YEAR S&P500 BSP S&P500 BSP

1987 5.23% 13.10%
1988 16.81% 32.10%
1989 31.49% 25.80%
1990 -3.17% -4.30%
1991 30.55% 25.50%
1992 7.67% 3.90%
1993 9.99% 20.20%
1994 1.31% 5.60% 1.31% 5.60%
1995 37.43% 40.00% 37.43% 40.00%
1996 23.07% 33.50% 23.07% 33.50%
1997 33.36% 33.00% 33.36% 33.00%
1998 28.60% 28.90% 28.60% 28.90%
1999 19.50% 2.30% 19.50% 2.30%

CAGR 17.89% 19.15% 23.29% 22.99%


This is all the data we have. The first two columns labeled "S&P500 " and "BSP" give the annual return since 1987 thus mixing in- and out-of-sample data. This is the data TMF uses in promoting the strategy. As you can see there is not much more than a percentage point different in returns. Thus, the BSP hardly beats the S&P 500 even when mixing in in-sample data. Using the same out-of-sample period as for the F4.0, the BSP clearly doesn't beat the S&P 500. Thus, there is no evidence that DDA's work on other sets of stocks. Notice that the BSP ought to be compared to the set of 30 S&P 500 stocks it was selected from, and not the S&P 500. Also, the BSP is about 25% riskier than the S&P500, so it substantially underperforms in risk-adjusted terms.

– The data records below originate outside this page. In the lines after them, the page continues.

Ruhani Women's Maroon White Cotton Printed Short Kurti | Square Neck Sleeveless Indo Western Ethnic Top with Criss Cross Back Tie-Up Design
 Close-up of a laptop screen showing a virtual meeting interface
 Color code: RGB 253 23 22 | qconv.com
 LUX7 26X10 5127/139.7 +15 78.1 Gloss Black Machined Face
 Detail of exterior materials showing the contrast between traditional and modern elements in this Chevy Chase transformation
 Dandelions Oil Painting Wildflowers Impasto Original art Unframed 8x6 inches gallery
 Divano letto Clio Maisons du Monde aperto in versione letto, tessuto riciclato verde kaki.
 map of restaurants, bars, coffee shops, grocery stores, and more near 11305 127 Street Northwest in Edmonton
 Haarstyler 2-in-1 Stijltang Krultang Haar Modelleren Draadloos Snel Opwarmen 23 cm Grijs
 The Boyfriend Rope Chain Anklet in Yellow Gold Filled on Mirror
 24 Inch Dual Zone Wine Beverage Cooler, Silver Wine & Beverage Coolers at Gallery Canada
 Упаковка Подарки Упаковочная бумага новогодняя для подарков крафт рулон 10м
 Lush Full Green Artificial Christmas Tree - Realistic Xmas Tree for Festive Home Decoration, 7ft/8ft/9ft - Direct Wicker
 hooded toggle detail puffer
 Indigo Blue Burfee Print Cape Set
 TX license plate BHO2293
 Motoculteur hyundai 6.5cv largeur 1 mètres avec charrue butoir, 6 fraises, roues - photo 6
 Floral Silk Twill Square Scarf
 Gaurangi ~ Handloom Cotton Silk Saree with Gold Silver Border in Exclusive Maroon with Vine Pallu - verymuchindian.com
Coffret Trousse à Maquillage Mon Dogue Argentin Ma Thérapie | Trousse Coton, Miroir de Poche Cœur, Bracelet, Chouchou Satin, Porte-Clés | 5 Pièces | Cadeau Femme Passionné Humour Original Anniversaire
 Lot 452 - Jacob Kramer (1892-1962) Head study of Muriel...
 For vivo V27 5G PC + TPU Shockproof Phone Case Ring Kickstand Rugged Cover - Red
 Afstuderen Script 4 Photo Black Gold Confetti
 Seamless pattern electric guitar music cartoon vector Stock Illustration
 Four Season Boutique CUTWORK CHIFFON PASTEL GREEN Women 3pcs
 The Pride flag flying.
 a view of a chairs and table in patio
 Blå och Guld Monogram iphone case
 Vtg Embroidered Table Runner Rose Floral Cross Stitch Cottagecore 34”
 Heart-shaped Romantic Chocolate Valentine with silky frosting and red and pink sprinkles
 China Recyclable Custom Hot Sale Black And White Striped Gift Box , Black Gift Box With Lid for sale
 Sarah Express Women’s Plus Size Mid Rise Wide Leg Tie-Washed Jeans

It doesn't help to fish in a different pond if you are using the wrong bait!

In conclusion, the DDA strategies simply don't work in practice. They never worked. They never worked on a different set of stocks. There is no reason to believe that any future refinement will ever work, not on any data.

The author formerly known as Datasnooper.